After today's class I realize that I might need more feedback from others to complete my short paper and to tweak my project. Since I am actually creating a tool, I want to know what you guys see as problems with image editing programs. Are the options in them too varied? Does the machine ultimately have too much control of your image? Are you an author or a co-author?
I have a problem with how image editing programs work. Most of them seem to revolve around editing photos, not creating new works of art. While, I use Photoshop to present and "clean up" finished drawings, I rarely use it as a tool for creating compositions. Does anyone else have this problem? It does not really serve me as an artist. It seems like you have to adapt to them, rather than they suit your needs. I am creating a program/software/application that can organize and reconfigure my own artwork, sort of like a new collage tool. Simplicity is key for me. I want to create new work from my own sketches.

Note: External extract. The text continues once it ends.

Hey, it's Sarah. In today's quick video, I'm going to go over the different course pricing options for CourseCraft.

I want it to be more intuitive and easy to use, Perhaps one day another artist would want to work this way with their own artwork. Or, I could easily collaborate with other artists by combining my artwork with theirs. What would you like to be able to do?
4 comments:
Hi,
I use photoshop a lot to edit images but I also use it for creating new images. Photoshop has plenty of filters and other tools to allow you to create new images. what do you mean when you say "creating new images from art work"? Are you talking about making a tool that would automatically create new images from existing ones?
Yes. It generates the images automatically.

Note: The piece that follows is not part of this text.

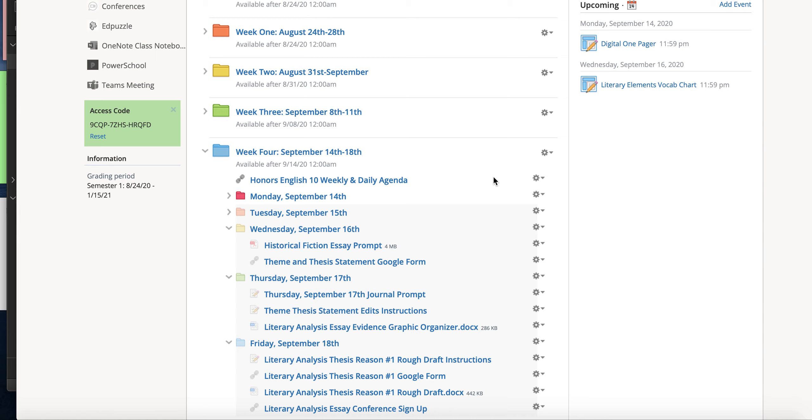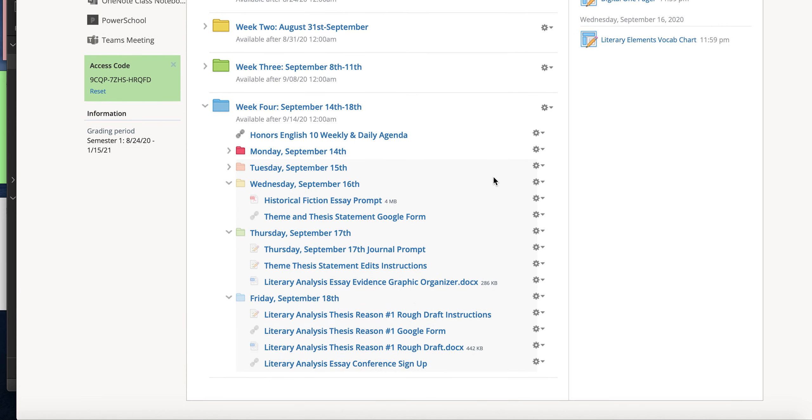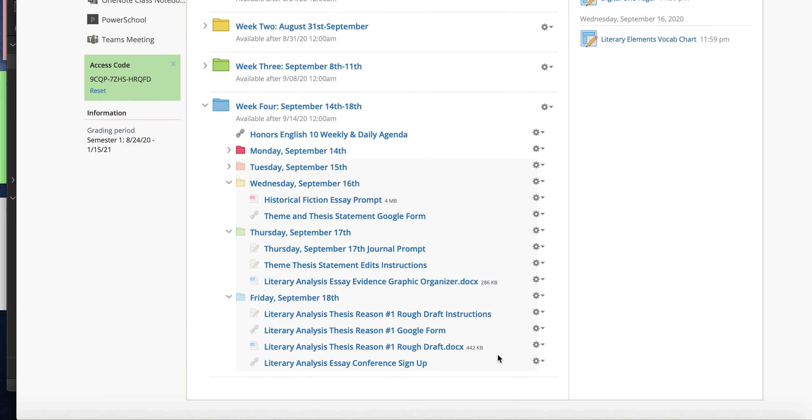Then how we're going to build the rest of our paragraphs for our essay is we're going to do them in two steps. So step one, if you look on Friday you'll see step one. You are going to have the option to either do a literary analysis thesis reason number one Google form or a literary analysis thesis reason one rough draft.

PS is as you yourself say, an image editing program, or rather and image processing tool. As such you would want as many options as needed to effect those operations, why would you limit them?.

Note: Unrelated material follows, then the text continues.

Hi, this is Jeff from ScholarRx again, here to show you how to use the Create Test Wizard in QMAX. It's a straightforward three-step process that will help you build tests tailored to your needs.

You can definitely create something from scratch with it as well. How much control depends solely on your knowledge of the tool and discipline, because as most digital tools, the power is so great that just pressing a filter button will do something "cool" but not necessarily what you envision, which has given rise to a "design by accident overload".
If you want something more akin to pen (or paint) and paper then use something like Corel Painter 11, formerly known as simply Paint. This tool very accurately simulates and replicates the look and feel of all analog paint and draw mediums and their substrate as well (paper, canvas, etc) including dryness and wetness in the case of watercolor for example.
Illustrator, in contrast to PS is a design tool so you get what you put in.
As with any tool (even a quill pen you carve yourself!) you must adapt to it if you are going to make full use of it.
Your wish for a more intuitive and easy to use tool is understandable and a whole field of interaction design. I think the problem has been that as humans it is hard for us to adapt to entirely new things and therefore we resort to metaphors (think 3D, stage, camera, lights etc.) to make sense of them. And as new generations come along that can actually create their own tools it becomes even more difficult for "non-natives to the medium", in this case CODE, to understand what is in effect simply a different language.
In some of these cases (code generated "art") it is clear to me that the boundaries are very blurred or we are simply stuck in the old unresolved argument of craft/design vs. art, since one could argue that the code itself is the art, as is the case in literature for example.
"the power is so great that just pressing a filter button will do something "cool" but not necessarily what you envision, which has given rise to a "design by accident overload". "
That is exactly my point. By using Photoshop filters, you aren't creating an art you understand and own. You are using the computer to throw on some effects. Whether is looks pretty or not is beside the point.
But I think my questions remain unanswered - what do artists need in a program?
Also, I'm not asking WHICH programs to use - I have used most of them. I am asking what an artist can envision in a NEW program.